On November 28, 2025, the Centers for Medicare and Medicaid Services (CMS) released the Calendar Year (CY) 2026 Home Health Prospective Payment System Final Rule. A CMS fact sheet can be found here. The 60-day comment period under the Administrative Procedure Act (APA) for the CY26 Home Health Final Rule ends on January 27, 2026.

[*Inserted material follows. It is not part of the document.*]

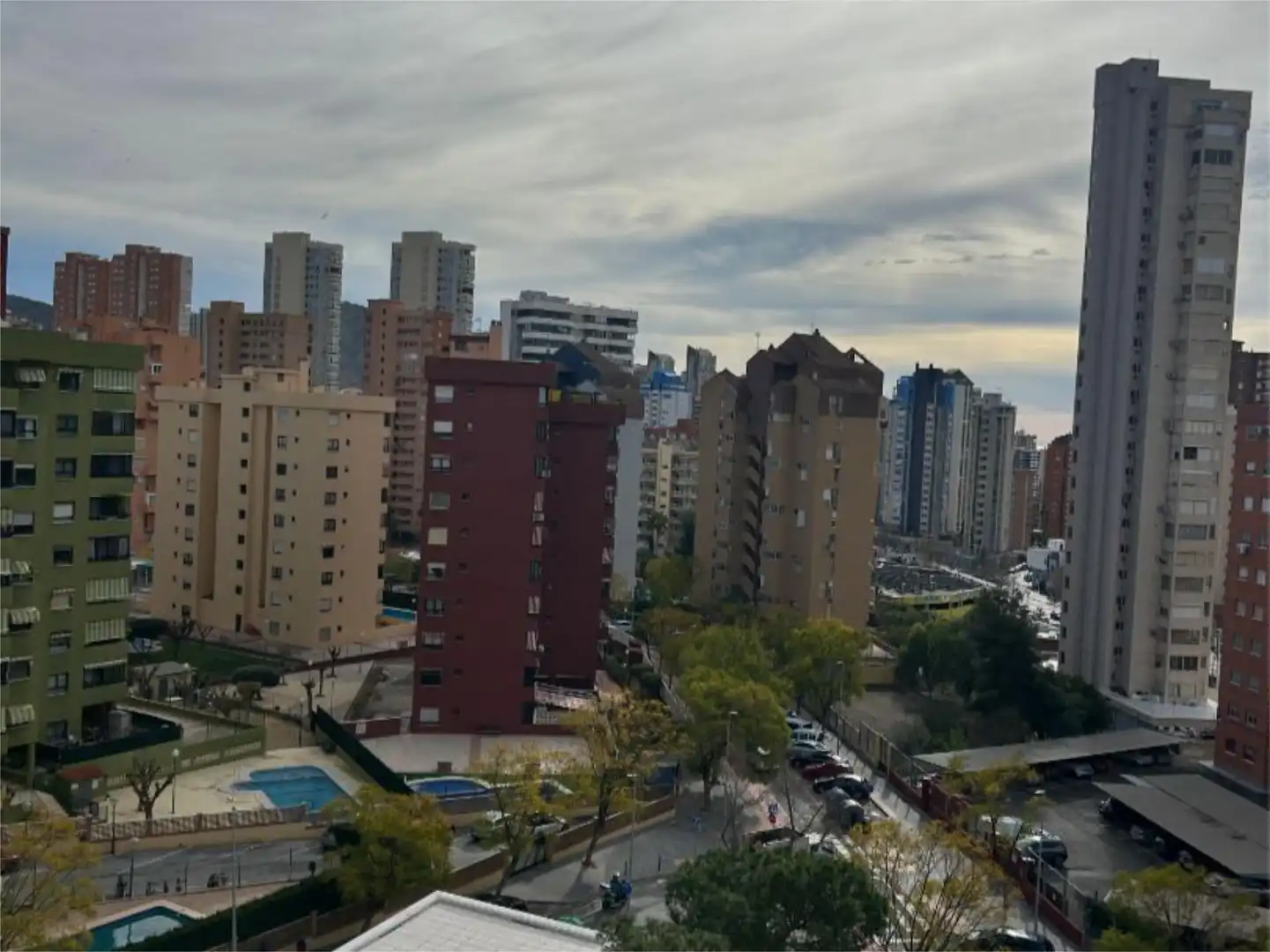 Piso en venta en Avenida de Portugal, 1, Juzgados - Plaza de Toros Vista exterior de Piso en venta en Benidorm con Jardín privado, Piscina y Amueblado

UPDATES TO HOME HEALTH AGENCY PAYMENT RATES
The Bipartisan Budget Act (BBA) of 2018 directed CMS to create the Patient-Driven Groupings Model (PGDM), intended to improve reimbursement for all patients eligible for home health benefits and to remove perceived incentives to over-provide therapy services. As part of this system, CMS applies two types of “behavioral adjustments” to ensure budget neutrality and prevent “gaming” that increases payments:
- Prospective adjustments are based on past conduct but are meant to prevent future overpayments. To assess the need for such adjustments, CMS calculates whether the actual expenditures (from two years prior) deviated from the agency’s estimate of what expenditures would have been under the pre–BBA system. CMS has made annual cuts since the start of PDGM. However, the magnitude of those cuts has been such that CMS has typically phased them in over 2 years. This has resulted in a dynamic in which CMS often implements cuts that were partially delayed from the year prior, as well as new cuts to account for “newly discovered” deviations from two years prior.
- Retrospective adjustments are intended to claw back overpayments already made when past conduct led to higher-than-expected payments (i.e., CMS’s prospective adjustments were not sufficient to prevent overpayments relative to the pre-BBA system). Since the start of PDGM, CMS has been keeping a running tally of overpayments, which currently totals ~$5.3b (through CY24; that figure is likely to grow once CY25 and CY26 – the final two years of the PDGM phase-in – are complete).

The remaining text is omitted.